It's a worthwhile gimmick; of course there have always those--high density around the country club at Memphis--who can explain to you why the Great Emancipator was really the Great Criminal. The point is that they've pretty much transplanted themselves from the old South Bourbonocracy to the New South Bourbonocracy of New Gingrich, Jim DeMint and whoever. It's a tectonic shift: I can remember showing up as a carpetbagger in Louisville in 1960 to find (I was surprised) that blacks who voted (there were a few) almost inevitably cast their ballots for the GOP. On further inquiry, I could see that they were perfectly rational. Not only were they dancing with the fellahs that brung 'em, but they were recognizing that (then) new-age northern Republicans were genuinely a more creative, forward-looking--and, clearly, less racist--then their older, tireder Democratic competitors.
Boy, that was a long time ago, huh? You've got to admire how, in the interim, the new, forward-looking elites of the once-new Republican interlopers have learned to make their peace with the old, backward-looking elites of the Confederacy. And I'm beginning to wonder--is the whole Lincoln thingy a sign of the change? As to their betrayal of their founding principles, could it be that the Republicans aren't even embarrassed any more?

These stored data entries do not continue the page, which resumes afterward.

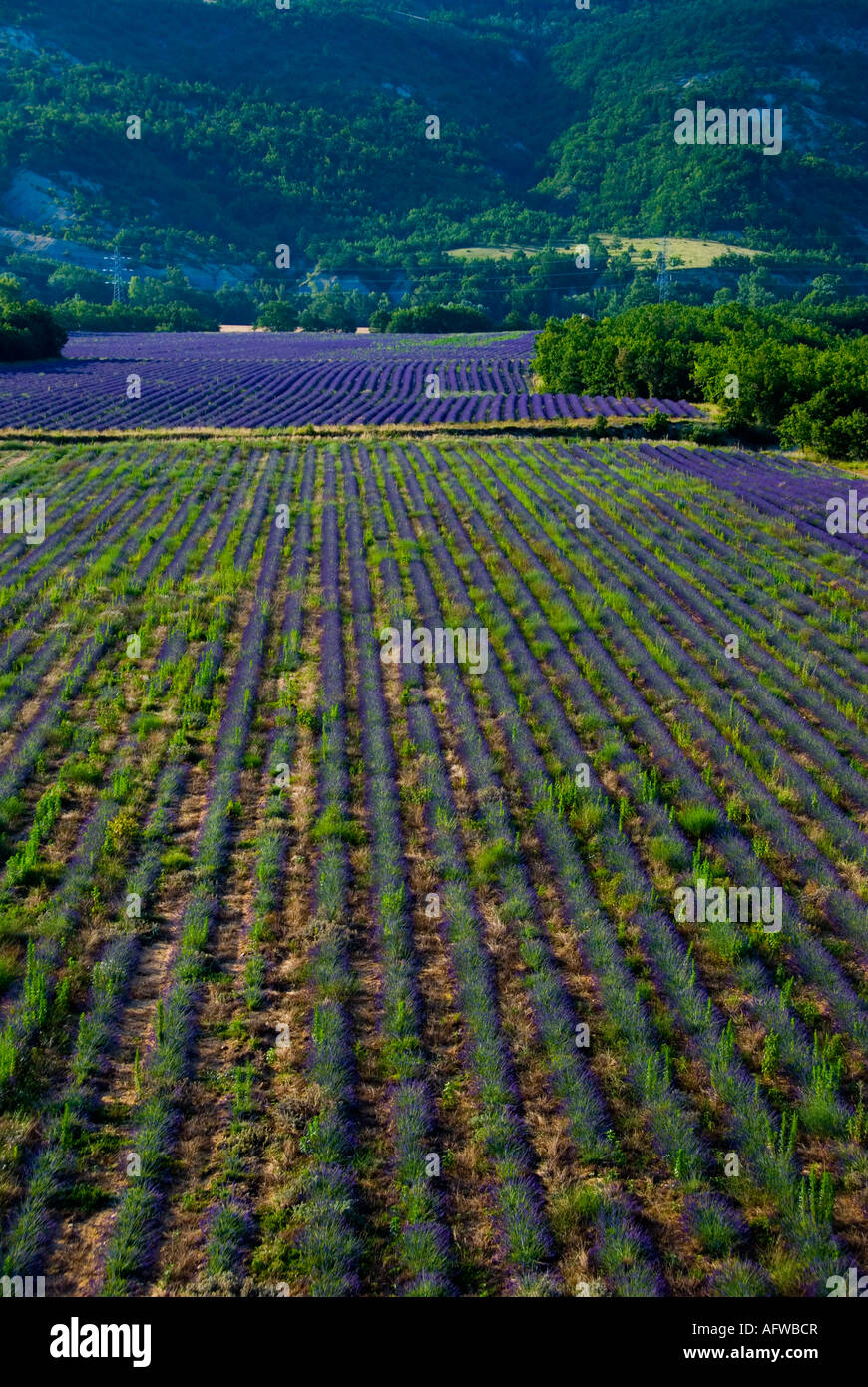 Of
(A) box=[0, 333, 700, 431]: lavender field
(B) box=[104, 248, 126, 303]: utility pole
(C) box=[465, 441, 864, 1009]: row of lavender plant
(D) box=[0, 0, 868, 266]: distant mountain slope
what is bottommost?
(C) box=[465, 441, 864, 1009]: row of lavender plant

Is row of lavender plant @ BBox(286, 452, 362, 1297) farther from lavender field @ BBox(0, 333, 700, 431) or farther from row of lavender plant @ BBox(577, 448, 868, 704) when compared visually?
lavender field @ BBox(0, 333, 700, 431)

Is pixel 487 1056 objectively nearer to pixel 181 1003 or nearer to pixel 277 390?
pixel 181 1003

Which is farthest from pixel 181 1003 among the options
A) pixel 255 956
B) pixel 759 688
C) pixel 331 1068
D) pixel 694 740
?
pixel 759 688

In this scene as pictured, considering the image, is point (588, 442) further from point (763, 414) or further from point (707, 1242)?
point (707, 1242)

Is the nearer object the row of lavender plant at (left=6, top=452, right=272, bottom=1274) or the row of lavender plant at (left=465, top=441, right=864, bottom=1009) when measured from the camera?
the row of lavender plant at (left=6, top=452, right=272, bottom=1274)

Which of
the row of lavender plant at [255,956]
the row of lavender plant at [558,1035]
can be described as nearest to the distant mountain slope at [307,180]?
the row of lavender plant at [255,956]

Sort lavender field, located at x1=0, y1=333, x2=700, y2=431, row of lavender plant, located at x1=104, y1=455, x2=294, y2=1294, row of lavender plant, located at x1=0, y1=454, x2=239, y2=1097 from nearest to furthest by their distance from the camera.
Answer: row of lavender plant, located at x1=104, y1=455, x2=294, y2=1294, row of lavender plant, located at x1=0, y1=454, x2=239, y2=1097, lavender field, located at x1=0, y1=333, x2=700, y2=431

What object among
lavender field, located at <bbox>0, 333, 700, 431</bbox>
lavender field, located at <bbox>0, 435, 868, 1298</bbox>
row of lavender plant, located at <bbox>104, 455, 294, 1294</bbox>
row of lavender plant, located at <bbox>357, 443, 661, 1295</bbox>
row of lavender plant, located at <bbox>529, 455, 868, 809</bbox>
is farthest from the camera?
lavender field, located at <bbox>0, 333, 700, 431</bbox>

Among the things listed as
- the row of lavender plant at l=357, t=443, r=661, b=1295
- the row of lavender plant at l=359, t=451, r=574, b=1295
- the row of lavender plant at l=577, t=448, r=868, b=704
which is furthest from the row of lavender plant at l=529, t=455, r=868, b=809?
the row of lavender plant at l=359, t=451, r=574, b=1295

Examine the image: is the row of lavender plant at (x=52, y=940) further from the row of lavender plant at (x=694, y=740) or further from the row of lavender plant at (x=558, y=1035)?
the row of lavender plant at (x=694, y=740) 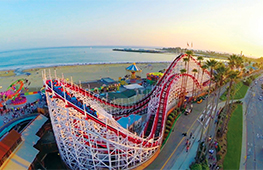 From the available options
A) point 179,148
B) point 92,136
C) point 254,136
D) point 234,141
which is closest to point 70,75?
point 92,136

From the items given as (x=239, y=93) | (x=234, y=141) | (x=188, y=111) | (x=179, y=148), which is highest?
(x=239, y=93)

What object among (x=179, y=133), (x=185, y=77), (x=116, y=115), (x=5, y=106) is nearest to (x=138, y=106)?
(x=116, y=115)

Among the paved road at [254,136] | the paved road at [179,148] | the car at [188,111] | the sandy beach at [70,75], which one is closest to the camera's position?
the paved road at [179,148]

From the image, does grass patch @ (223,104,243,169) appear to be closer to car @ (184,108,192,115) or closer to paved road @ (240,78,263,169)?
paved road @ (240,78,263,169)

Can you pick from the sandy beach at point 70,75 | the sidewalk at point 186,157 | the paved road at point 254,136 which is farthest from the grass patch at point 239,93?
the sandy beach at point 70,75

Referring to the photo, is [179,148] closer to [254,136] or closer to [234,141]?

I'm not sure, and I don't know how to do a definitive test, but I suppose one rule-of-thumb gauge would be the incidence of that great icon of Republican solidarity--the Lincoln Day dinner. In my time, these dinners were part of the Republican glue (just as Jefferson-Jackson day dinners were for Democrats). And guess what--apparently they are fading away. Here's a brief Wiki summary, with a money quote from South Carolina Lindsey Graham: "We don’t do Lincoln Day Dinners in South Carolina. It’s nothing personal, but it takes a while to get over things." I Google-searched "Lincoln Day dinner" within the past year and came up with 102,000 hits. "Reagan Day Dinner" gets you 34,900. "Lincoln Reagan dinner" gets you 12,600. Now this:
Lincoln, rarely considered a capitalist icon,did more for strong and able ownership than any president in U.S. history, perhaps more than any leader in world history. He sold millions of acre of land held by a neglectful government, transferring ownership into the hands of new owners who would make a garden in the wilderness. He transferred ownership of millions of men from masters who abused their own property back to the men themselves, the best owners of all.That's Andrew Redleaf in Panic (2110), one of the most sophisticated items I've read in years on the actual workings of a free market, and absolutely top-notch on the evils of crony capitalism.